We were delighted to welcome Dr Mathelinda Nabugodi to King’s to host this year’s Bowman Lecture.
Dr Nabugodi, pictured here with our Principal, John Attwater, spoke about the critical memoir she is currently working on, entitled ‘The Trembling Hand: Reflections of a Black Woman in the Romantic Archive’.
Sixth Form students, staff, Old Eleans and friends of King’s attended the lecture in the Hayward Theatre on October 13th.
In her lecture, Dr Nabugodi uncovered some of the links between the poetry of freedom and the practices of slavery in the Romantic period, drawing on her current work-in-progress, a critical memoir entitled ‘The Trembling Hand: Reflections of a Black Woman in the Romantic Archive’.

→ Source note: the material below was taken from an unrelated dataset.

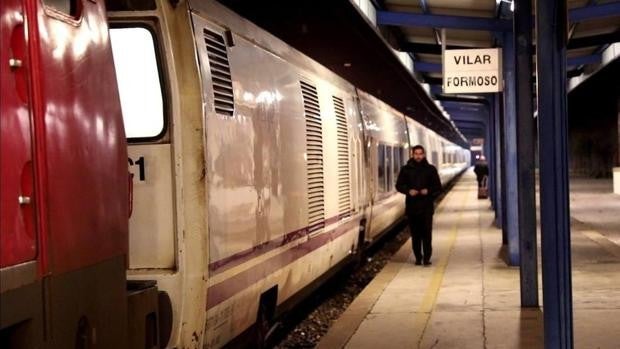 El tren hotel Lusitania, en la estación portuguesa de Vilar Formoso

‘The Trembling Hand: Reflections of a Black Woman in the Romantic Archive’ explores objects that once belonged to the great Romantic poets: Wordsworth’s teacup, Byron’s carnival mask, Shelley’s yellow kidskin glove and the like. These archival objects reveal how the poets’ lives were embedded in a global economy fuelled by slavery and exploitation. A work-in-progress sample won the 2021 Deborah Rogers Foundation Writer’s Award and the non-fiction book will be published in 2024.

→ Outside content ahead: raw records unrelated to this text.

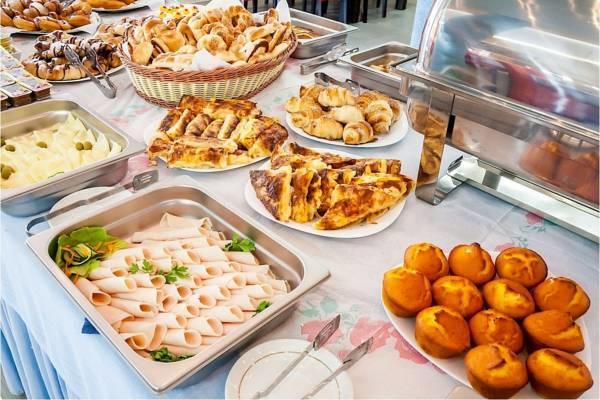 狮子酒店 乌尔齐尼 外观 照片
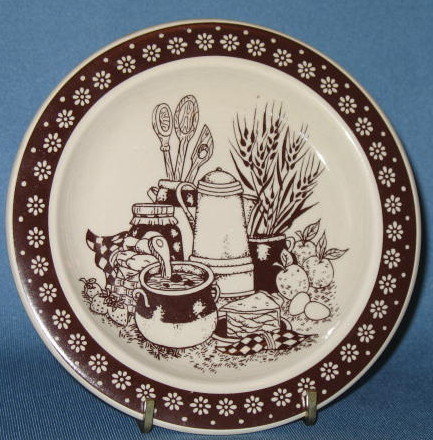 Enesco Country Kitchen bread plate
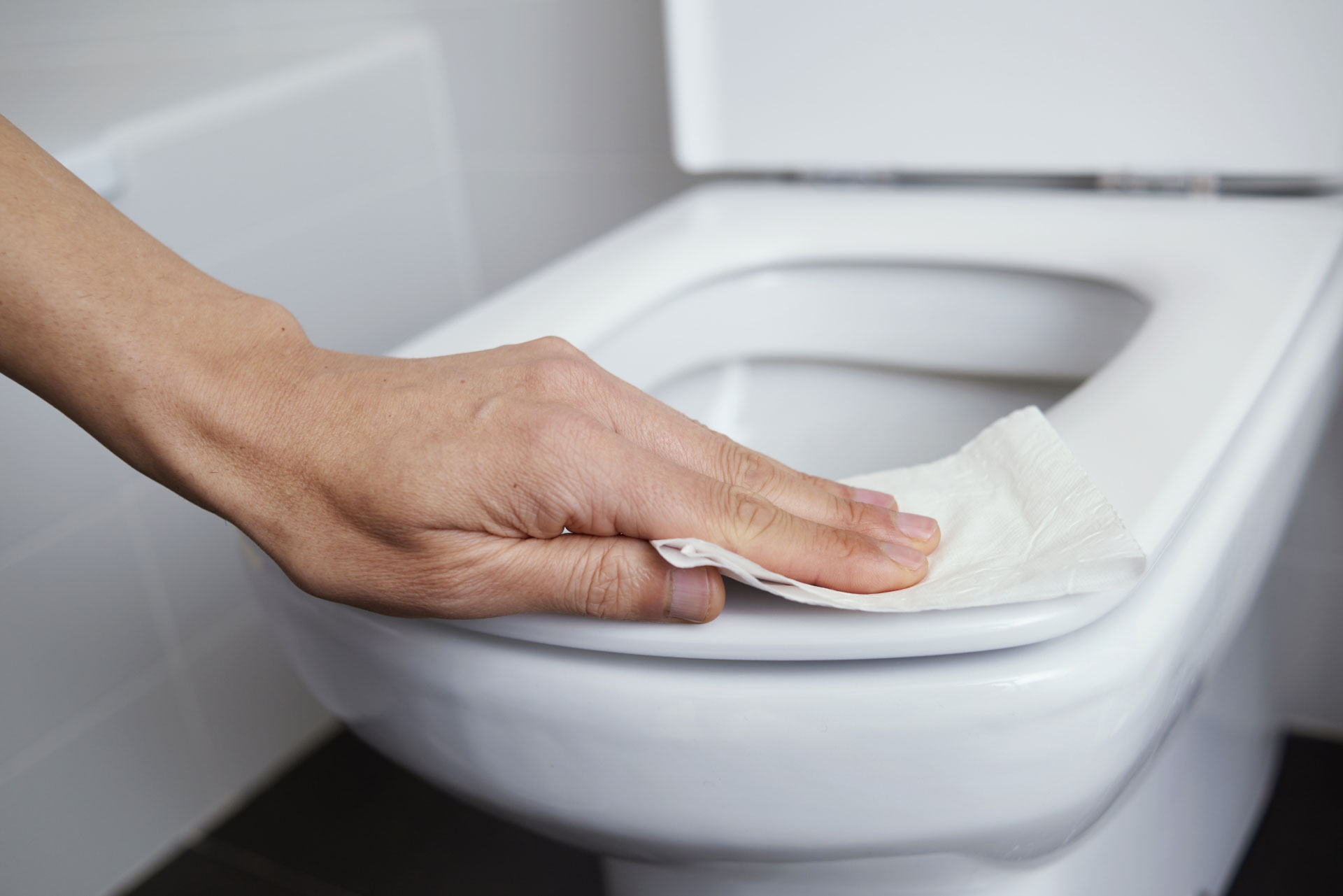 Nettoyer la cuvette des toilettes, notamment celles publiques, permet de limiter une potentielle contamination par le SARS-CoV-2. © nito, Adobe Stock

Dr Nabugodi is a Research Associate in the Literary and Artistic Archives at The Fitzwilliam Museum, Cambridge and Postdoctoral Affiliates and Tutor at Jesus College, Cambridge. She was previously a Leverhulme Trust Early Career Fellow in the Faculty of English, Cambridge (2019-22), and before that a Post-Doctoral Research Associate at Newcastle University (2017-19).
Dr Nabugodi was the first person to be awarded a PhD in Creative Critical Writing from UCL for an experimental reading of Percy Bysshe Shelley and Walter Benjamin, which will appear as Shelley with Benjamin: A Critical Mosaic in late 2022. She did her undergraduate degree at the The University of Edinburgh. She has edited Shelley’s translations from Aeschylus, Calderón and Goethe for volumes five and six of The Poems of Shelley and published articles on translation, ekphrasis, creative critical methods, and the racist history of hair.

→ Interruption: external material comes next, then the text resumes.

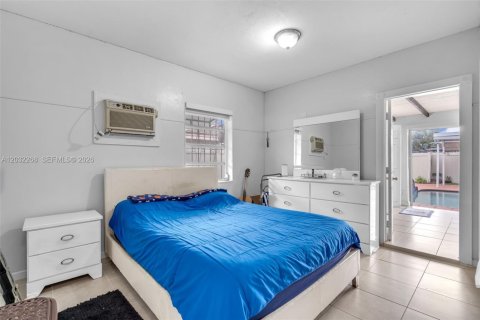House in Hialeah, Florida 3 bedrooms, 131.18 sq.m. № 2088328 - photo 19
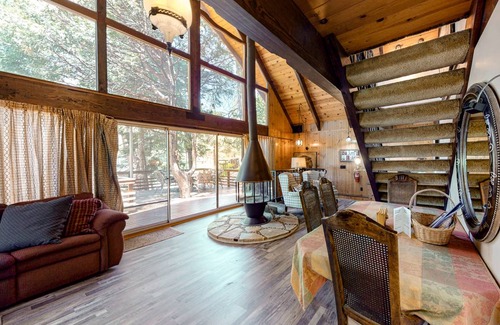 Cedar Glen House | House ∙ 2 bedrooms ∙ 6 guests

Dr Nabugodi is also a member of the Advisory Council of the Institute of English Studies at Senate House, University of London.
The Bowman Lecture was launched eight years ago to promote the creative and liberal arts at King’s, and it is generously supported by the Old Eleans’ Club.
James Bowman CBE is a world-renowned counter-tenor, whose career spans opera, oratorio and solo recitals. He was educated at King’s from 1951-60, and was a member of The Choristers of Ely Cathedral Choir, before going on to study at New College, Oxford, where he was a member of New College and Christ Church Choirs.
James spoke of his career as “a wonderfully exciting journey” and remembers his time at King’s fondly, commenting: “I can’t emphasise enough the profound effect this school had on me. The school taught me the real meaning of musical discipline, for which I am eternally grateful.”
Thank you so much for your time Dr Nabugodi, we thoroughly enjoyed your lecture!